• _What to produce_:
Once you have located the line containing "ڣţԣá۹®ƻϩ򥹥ȥ쥹ʤ̲ᡪ" in the material below, return it exactly along with each line after it through the line containing "Renault Austral 1.2".

• _Data for this exercise_:
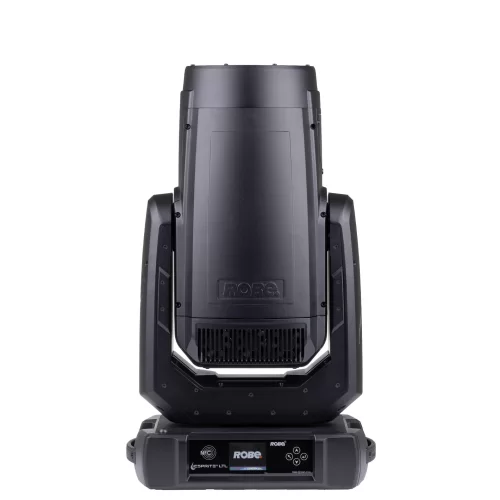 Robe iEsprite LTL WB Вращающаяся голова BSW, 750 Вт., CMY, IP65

---

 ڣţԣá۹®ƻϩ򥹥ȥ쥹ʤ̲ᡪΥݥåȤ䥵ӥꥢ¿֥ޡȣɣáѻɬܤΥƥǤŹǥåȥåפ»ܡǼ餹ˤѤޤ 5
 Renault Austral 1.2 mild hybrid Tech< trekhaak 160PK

• _Solved exercise_:
 ڣţԣá۹®ƻϩ򥹥ȥ쥹ʤ̲ᡪΥݥåȤ䥵ӥꥢ¿֥ޡȣɣáѻɬܤΥƥǤŹǥåȥåפ»ܡǼ餹ˤѤޤ 5
 Renault Austral 1.2 mild hybrid Tech< trekhaak 160PK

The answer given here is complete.